Can you explain to me a little bit about your Cumulative Complexity Model?

It started when I was doing work with colleagues at the time at the University of Minnesota who had some interesting data on people who used different public insurance programs — typically, low-income people in Medicaid and other state programs in Minnesota. …And at the same time, I was looking at what I would call fairly typical Mayo Clinic patients, meaning people who had a lot of health problems, but not necessarily as many of the types of social problems and social service needs that people in those public insurance programs needed. 

They’re two really different populations, so what’s the common thread? And I was looking at both of the groups and I realized, if you step back a little bit and go a little bit more abstract, they both face these challenges. The challenge comes from the fact that there is a lot of potential work to do, both in being a patient and also in your life. 

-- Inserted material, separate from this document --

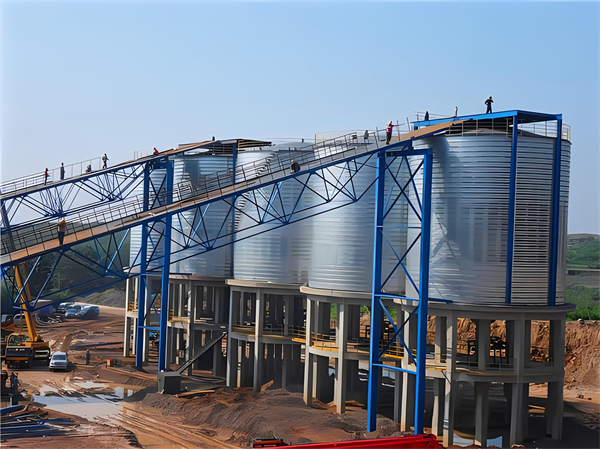 霍邱螺旋钢板仓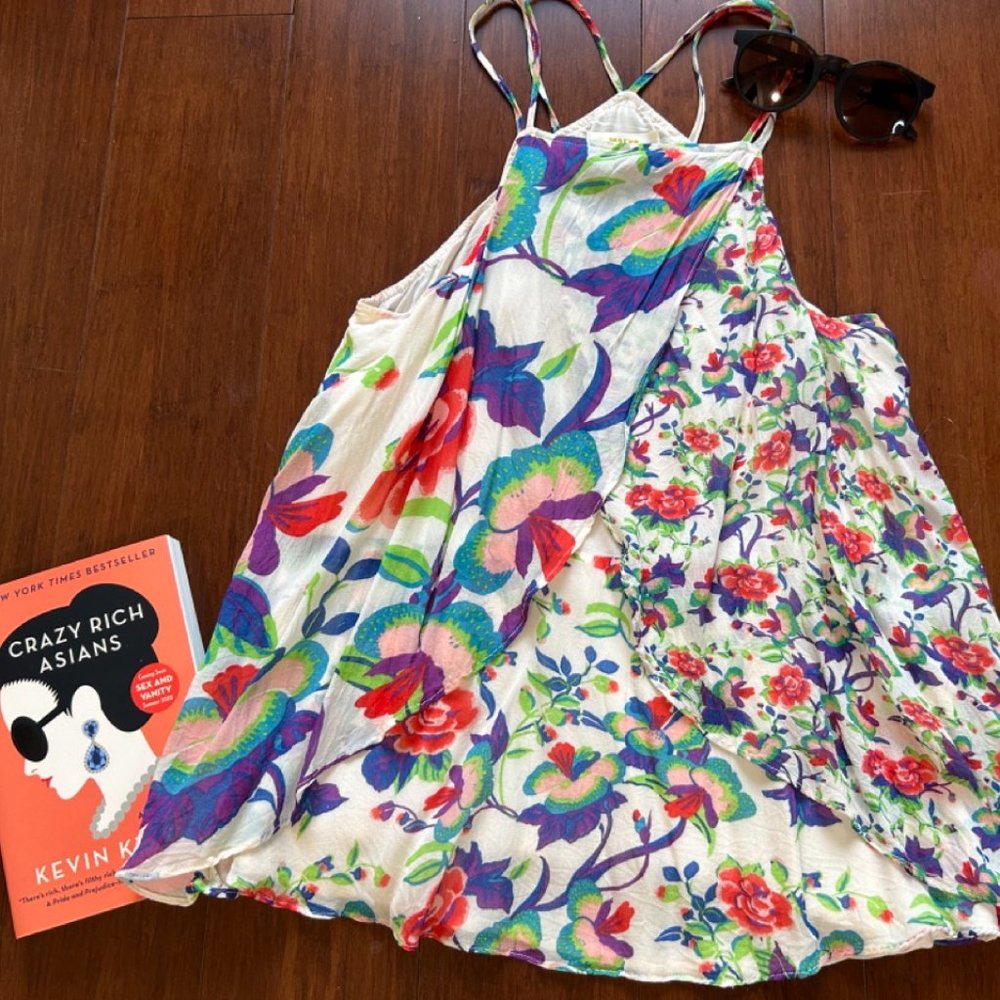 Anthropologie summer tank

On the other hand, there are people who can handle a lot of work and they’re okay, they don’t get stressed out, they’re fine. They don’t fail. They don’t forget. They are able to do it. So there’s some other factor. Everybody has a finite amount of capacity to bring to bear. If work, generally, can be summed up as anything that takes up time, energy or attention, then capacity is anything that affects your readiness, motivation and ability to carry out tasks or to do work.

How does that translate to health care? 

A classic example of a breakdown in the balance between work and capacity would be a missed appointment. Now, maybe that’s because you forgot and you don’t have enough redundancies or somebody around you to help remind you; maybe you missed it because you were really, really depressed that day and you just couldn’t get to moving to do much of anything. Or you didn’t take a medication when you were supposed to. There’s a task set for you and, for whatever reason, you didn’t have the readiness, the motivation or the ability to do it. 

That reminds me of Christine Miserandino’s “spoon theory,” this concept that people living with chronic illnesses have a set number of “spoons” (energy, ability) per day, and they have to be judicious in how they use them. 

I don’t know if [the spoon theory] was around at the time that we did this; it was fairly young. They’re really kind of complementary ideas. It’s funny because for people who know the model, we would even use the language of the model just to say how we’re doing. 

One of the things to keep in mind is that there were models or approaches to patient complexity before. And what I wanted to do with this was to make a functional model. So it’s an ongoing thing, which feels more like living — where that interaction between those things then affects how you access and use care and how you carry out your own self-care, and then that in turn is going to affect your outcomes. 

We hear so much about how people’s experiences within a health care system vary so much depending on their identities — race, gender, disability, etc. How does that factor into this work? Do complexity models inherently acknowledge intersectionality? 

I don’t think it’s ever naturally incorporated. That’s why we always have to be intentional. Back in 1971, a Welsh general practitioner named Julian Tudor Hart came up with this thing that he called the inverse care law, which is that the availability of quality medical care is inversely proportional to the need of the population it serves. So the people who often need care the most have the hardest time getting it. [Cesar Gomes Victora and colleagues] later on came up with the inverse equity hypothesis, and it’s the idea that any new intervention, any new improvement, any new program that we introduce, it’s going to benefit the most privileged first and most. 

If you just develop a program and don’t think about that and don’t build that in, I think you’re just going to end up potentially widening the disparities in outcomes, not because you’re hurting anybody, but because you’re actually just benefiting more the people who already are doing pretty well. 

This article was supported by a grant from Bloomberg Philanthropies.